Praxisnahe Akzeptanz für Revisionszeiten und Referenzwerte: Der VIK erkennt an, dass die Erbringung von Flexibilität an konkreten Referenzwerten gemessen werden muss. Dabei sollten tendenziell Werte vor der Flexibilitätserbringung als Maßstab herangezogen werden, die eher näher am Zeitpunkt der Flexibilitätserbringung liegen. Länger zurückreichende historische Werte können aufgrund veränderter Marktpreissituationen, Wechsel der Produkte, Revisionsstillständen, Veränderungen der Anlage oder konjunktureller Schwankungen – etwa im Vergleich zum Vorjahr – nicht mehr zutreffend sein. Aktuelleres Lastverhalten spiegelt die tatsächliche betriebswirtschaftliche und konjunkturelle Situation besser wider und ist daher als Referenz praxisnäher und sachgerechter.
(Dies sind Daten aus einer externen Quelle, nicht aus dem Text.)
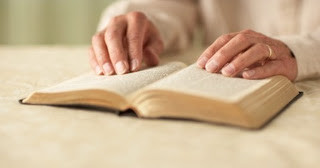 Bíblia e mãos.jpg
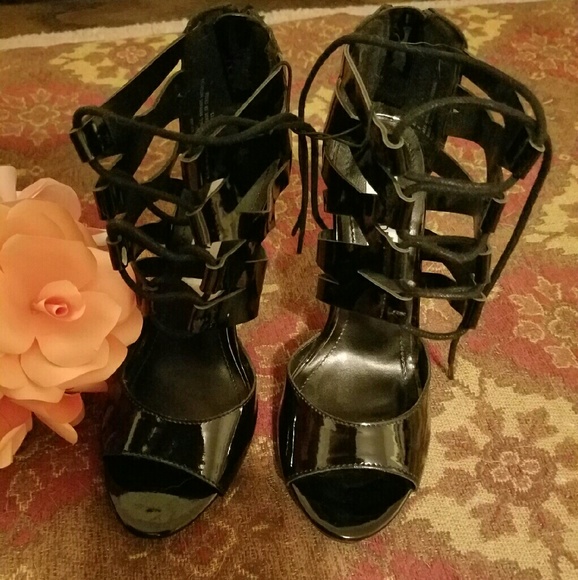 Steve Madden Shoes - Gladiator high heel pump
Zudem sind Revisionszeiten für Anlagen nicht immer flexibel verschiebbar und können nicht ausschließlich an die Situation im Stromnetz oder am Strommarkt angepasst werden. Der VIK unterstützt daher die Anregung der Bundesnetzagentur, eine bestimmte Anzahl an Tagen pro Jahr festzulegen, an denen eine Zielverfehlung bei der Flexibilitätsbereitstellung für die Rabattgewährung unerheblich ist (S.22). Zusätzlich sollte die Möglichkeit geschaffen werden, eine „Übererfüllung“ der Flexibilitätsanforderungen in einem Zeitraum als Ausgleich für eine mögliche „Untererfüllung“ in einem anderen Zeitraum zu nutzen. Der VIK spricht sich dafür aus, Flexibilitätsziele auf Basis einer monatlichen Betrachtung vorzunehmen. Dadurch würde bei einer temporären Verfehlung der Flexibilitätsanforderungen nur die Entgeltreduktion des betreffenden Zeitraums verloren gehen.

Die Möglichkeit, Speicher nutzen zu können, wird begrüßt: Die Bundesnetzagentur schlägt im Diskussionspapier vor, dass Unternehmen mit geringen oder fehlenden Flexibilitätspotenzialen verstärkt Speichertechnologien einsetzen sollen. Die Möglichkeit, Flexibilität bereitzustellen, ohne direkt in den Produktionsprozess eingreifen zu müssen, sollte grundsätzlich jedem Unternehmen offenstehen, das versteht sich von selbst. Es ist aber ebenso klar, dass die wirtschaftliche Rentabilität solcher Speicherinvestitionen im individuellen Fall unterschiedlich sein kann. Neben den hohen Kosten können auch begrenzte Anschlusskapazitäten, Platzmangel auf dem Werksgelände und genehmigungsrechtliche Hürden die Integration von Speichern an Produktionsstandorten erheblich verzögern oder sogar verhindern. Insofern können Speicherinvestitionen Teil einer unternehmensindividuellen Strategie sein, Flexibilitätspotenziale zu schaffen. Es wird aber auch Fälle geben, in denen dies nicht in Frage kommt.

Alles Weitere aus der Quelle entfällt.